Vizeler konusunda AB'yi ''Oynamaya niyeti olmayan gelin yerim dar der'' sözüyle eleştiren Çağlayan, vize konusunun aslında hem hukuki hem de uygulama anlamında haklılığını yitirdiğini vurguladı. Çağlayan, ''Neden korktuklarını anlamakta zorluk çekiyorum. Bundan 10 yıl önce olsaydı ciddi bir işsiz akımını düşünmüş olabilirler. Ama biz şuan Avrupa'dan çok daha iyiyiz'' dedi.
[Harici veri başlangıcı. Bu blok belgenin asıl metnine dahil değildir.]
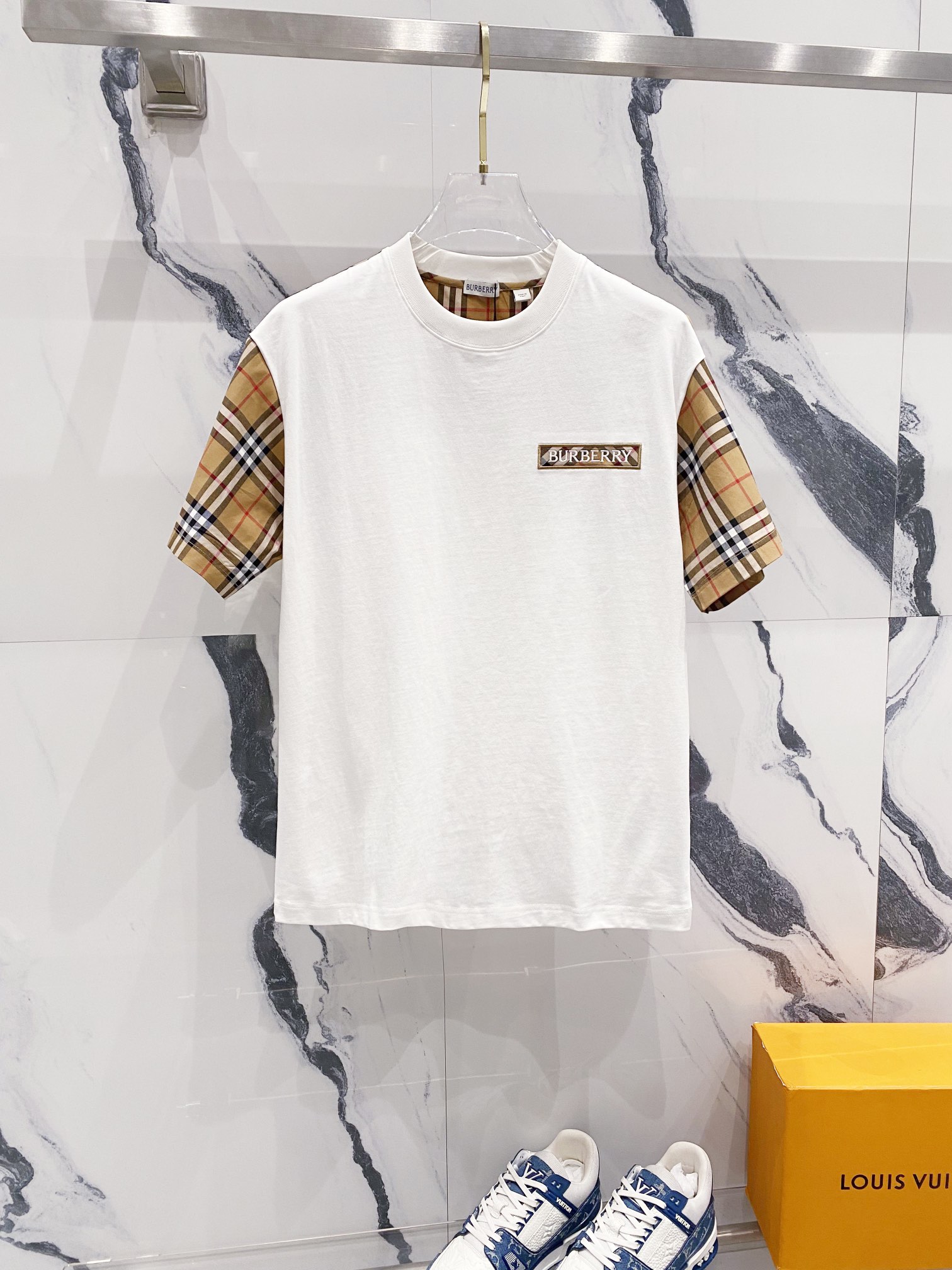 BURBERRY 巴宝莉 320克圆领短袖T恤 格纹拼接设计刺绣🪡字母LOGO小标 官方同步 1:1原版开模 时尚个性 百搭潮流 纯原品质 原版洗水面料 吊牌 领标 水洗麦 三标齐全 颜色: 黑色.白色. 尺码：S-XL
-''Yeni yönetimin eski hataları yapmayacağını ümit ediyorum''-

Bakan Çağlayan bir başka soru üzerine, Fransa'daki yeni yönetimin, eski hatalara düşmeyeceğini ümit ettiğini belirterek, ''Bunun çeşitli sinyallerini alıyorum. Dış Ticaret Bakanlığı'nın bizim ziyaretimizle ilgili dün yaptıkları açıklama son derece manidardır. Yeni hükümetin ilişkilerin normalleşmesi ve yeni bir döneme işaret ediyor olmasını, iyi okumamız gerekiyor'' şeklinde konuştu.